В этом отношении совершенный ими труд уступал разве только их рвению. В глазах этого народа два только занятия отличали человека от скота и грека от варвара: интерес к общественным делам и изучение философии. Прочтите Платоновых ’’Феага” и ’’Протагора”, и вы увидите тот неослабный энтузиазм, с каким даже очень еще молодые люди стремятся к идеям сквозь тернии и шипы диалектики. Особенно поразительна склонность их к самой диалектике; они не скучают дальними ее обходами, они любят охоту не меньше добычи, самое путешествие – столько же, как и его цель. Грек еще более резонер, чем метафизик или ученый; ему нравятся тончайшие отличия, неуловимейший анализ; он готов изо всего выткать паутину[78]. Тут ловкость его превосходит все; найдет ли эта слишком сложная и мелкая сеть какое-нибудь теоретическое и практическое применение, до этого ему нет дела; он любуется уже тем, как тонкие ее нити переплетаются между собой в едва заметные симметрические клеточки.
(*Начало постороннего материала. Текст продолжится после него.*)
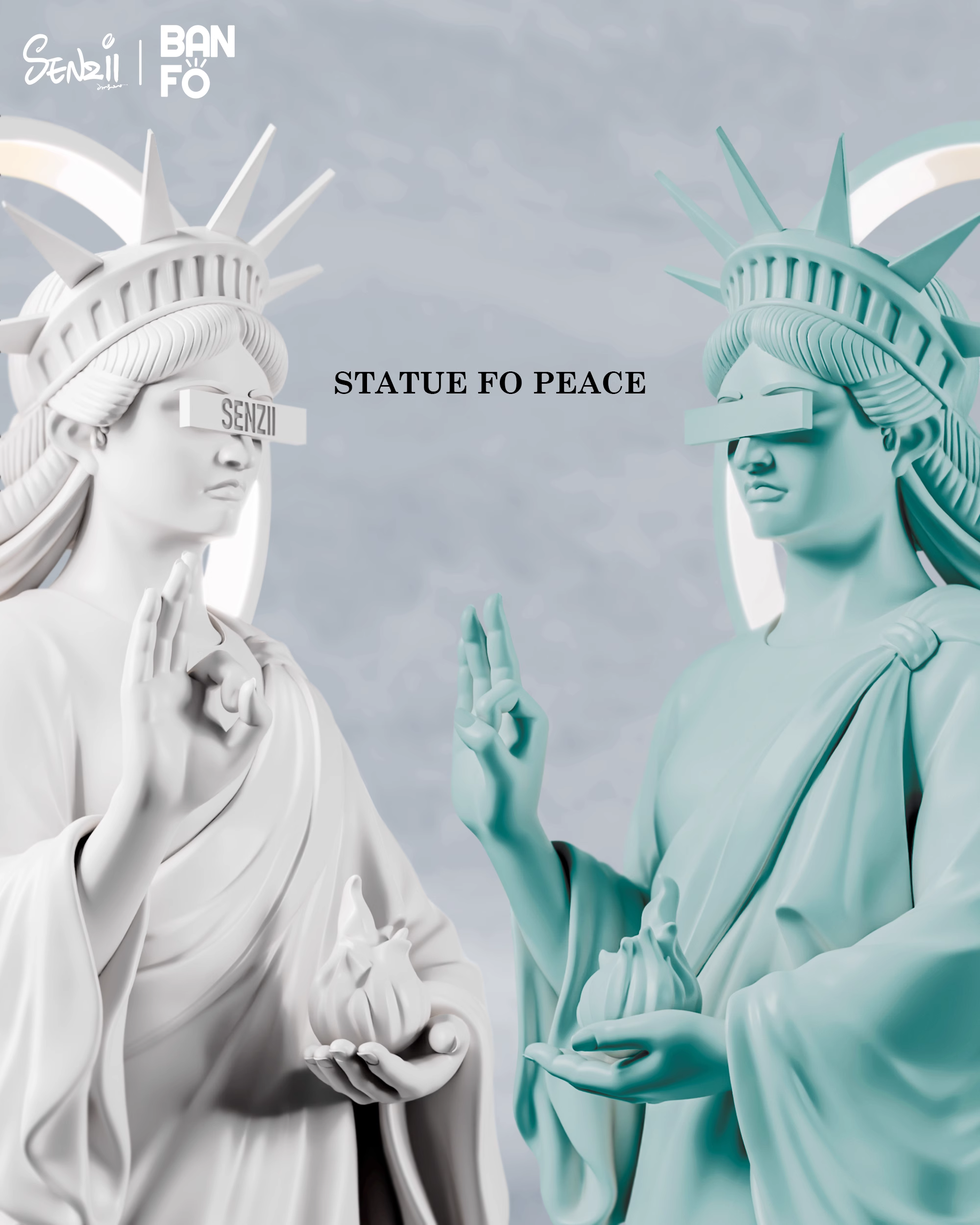【Pre-sale】STATUE FO PEACE-Other Series-SENZII X BANFO Studios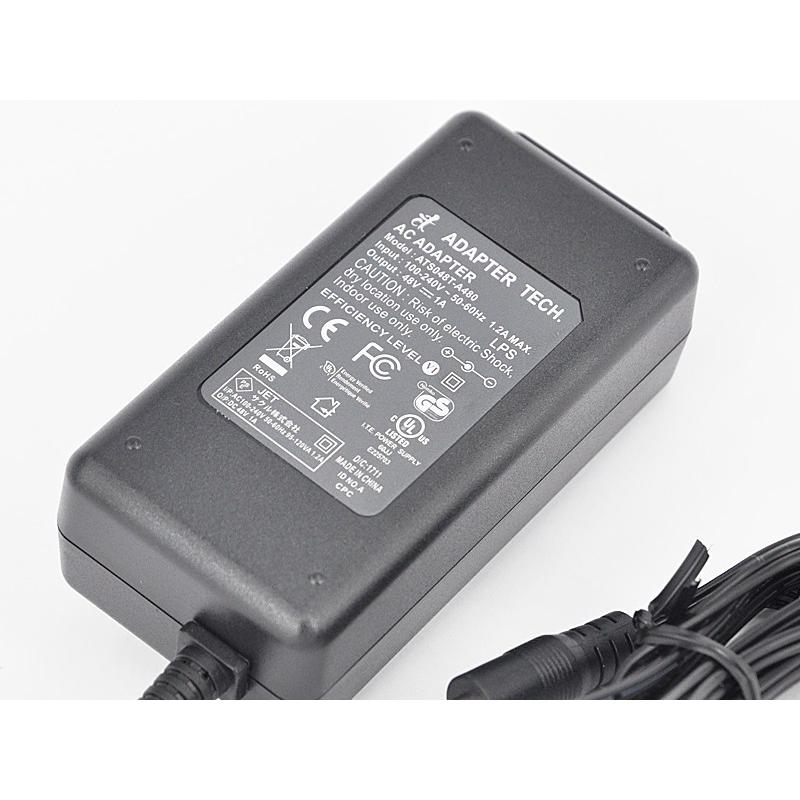 KOZUMUWAN 汎用スイッチング式ACアダプター 48V/1A/最大出力48W 出力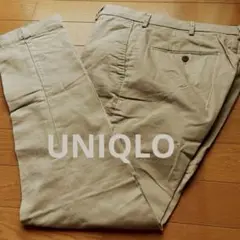 【UNIQLO】 ベージュ チノパン ウエスト79cm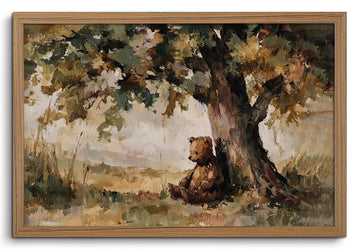 Vintage Teddy Bear Wall Art Nursery Wall Decor, Woodland Prints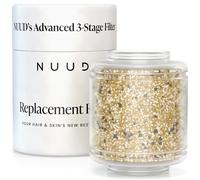 NUUD Replacement Filter for NUUD Filtered Shower Head, Helps Remove Chlorine, Heavy Metals and Impurities for Healthier Scalp, Skin and Hair, High Pressure Shower Head Filter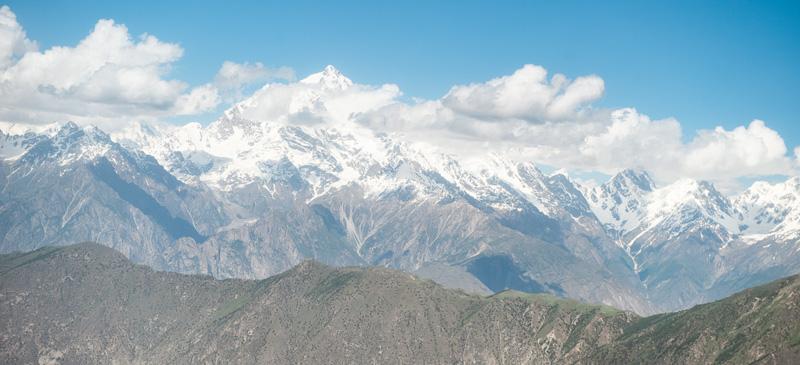 Flying with PIA between Islamabad and Gilgit, PAKISTAN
Здесь национальный недостаток всецело обличает национальное дарование. Греция – мать спорщиков, риторов и софистов. Нигде в другом крае вы не увидите группы значительных и популярных людей вместе, которые, подобно Горгиям, Протагорам и Полосам[79], учили бы со славой и успехом выдавать дурное за хорошее и так правдоподобно отстаивать нелепейшую вещь, как бы ни казалась она невероятной[80]. Греческие риторы ухитрились славить моровую язву, лихорадку, клопов, Полифема и Терсита; один греческий же философ уверял, что мудрец был бы счастлив, даже жарясь в медном быке Фалариса. Нашлись школы, например школа Карнеада, защищавшие прямо противоположные тезисы; другие, подобно школе Энези-дема, старались доказать, что всякое положение так же истинно, как и обратное ему. В завещанном нам древностью наследии есть, между прочим, богатейший склад выводов и парадоксов; для утонченности эллинов было бы слишком мало простора, не вдавайся она точно так же в заблуждение, как и в истину.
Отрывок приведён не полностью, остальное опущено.